Açıklamada, ayrıyeten, Macron’un Fransa’nın İsrail’in güvenliğine bağlı olduğunu, İran Cumhurbaşkanı Mesud Pezeşkiyan’a şahsen kendisinin söylediği kaydedildi.

Elysee Sarayı’nın açıklamasında, Macron’un, ülkesinin İran yahut ona yakın vekil güçlerin rastgele birinin İsrail’e saldırmasına müsaade vermeyeceğini ve güç kullanması durumunda her vakit Fransa’yı karşılarında bulacağını söylediği aktarıldı.

Macron, İsrail’in Gazze’ye yönelik taarruzlarında kullanacağı silah sevkiyatını durdurma davetinde bulunmuştu.

Bölgede önceliğin siyasi bir tahlile geri dönmek ve Gazze’deki akınlarda kullanılacak silahların ambargolanması gerektiğini belirten Macron, İsrail’in, milletlerarası hukuk ve insani hukuka uyarak kendisini savunması gerektiğini tabir etmişti.

Macron, “sivil halkı feda ederek terörle çaba edilmeyeceğini” vurgulayarak, “Lübnan, yeni bir Gazze olamaz” belirtmişti.

Netanyahu, İngilizce yayınladığı imajlı iletisinde Macron’a hitaben, Gazze’de Hamas, Lübnan’da Hizbullah, Yemen’de Husiler, Irak ve işgal altındaki Batı Şeria’da vekil güçlerle birlikte İran’a karşı “yedi cephede savaştığını” söylemişti.

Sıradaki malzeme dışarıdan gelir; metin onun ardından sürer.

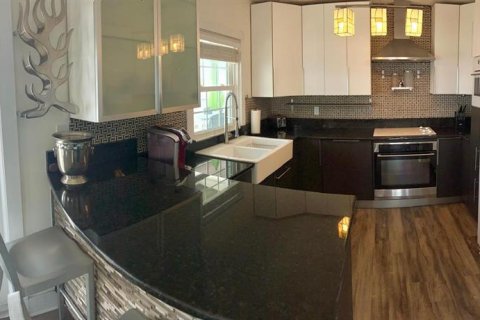 Copropriété à vendre à Saint Petersburg, Floride: 2 chambres, 99.5 m2 № 1615846 - photo 12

İsrail’e “200 balistik füze atan barbar İran’a karşı tüm uygar dünyanın yanında yer alması gerektiğini” savunan Netanyahu, “Buna rağmen Macron ve öbür Batı önderleri İsrail’e karşı silah ambargosu daveti yapıyor, bu onlara yakışmıyor” değerlendirmesinde bulunmuştu.

Okumaya devam et

Dünya

Netanyahu’dan İran açıklaması: Ataklara karşılık vermek İsrail’in vazifesi

İsrail Başbakanı Binyamin Netanyahu bir sefer daha İran’ın misilleme saldırısına karşılık verme tehdidinde bulundu ve ülkesinin buna “hakkı” olduğunu ileri sürdü.

Yayınlanma

@

Yazan

İsrail Başbakanı Binyamin Netanyahu, yaptığı televizyon konuşmasında İsrail’in İran’ın misilleme emelli füze saldırısına karşılık vereceğini bir kere daha tabir etti.

İran’ın “tarihin en büyük balistik füze taarruzunda İsrail topraklarına yüzlerce füze ateşlediğini” söyleyen Netanyahu, bu hücumlara cevap verme tehdidinde bulunarak, “Kendisini savunmak ve bu akınlara karşılık vermek İsrail’in misyonu ve hakkıdır, bunu yapacağız” diye konuştu.

İran’ın misilleme saldırısının akabinde Netanyahu ve İsrail’in askeri ve siyasi önderleri rastgele bir tarih belirlemeden Tahran’a “büyük bir askeri tepki” tehdidinde bulunurken, birtakım İsrailli yetkililer İran’ın nükleer ve petrol tesislerine atak davetinde bulunuyor.

İsrail resmi televizyonu KAN bugün, Netanyahu hükümetinin “İran’a güçlü ve büyük bir hücum başlatmaya karar verdiğini” duyurmuştu.

İran’a karşılık verme hazırlıklarının “Washington ile koordineli olarak yapıldığı” aktarılmıştı.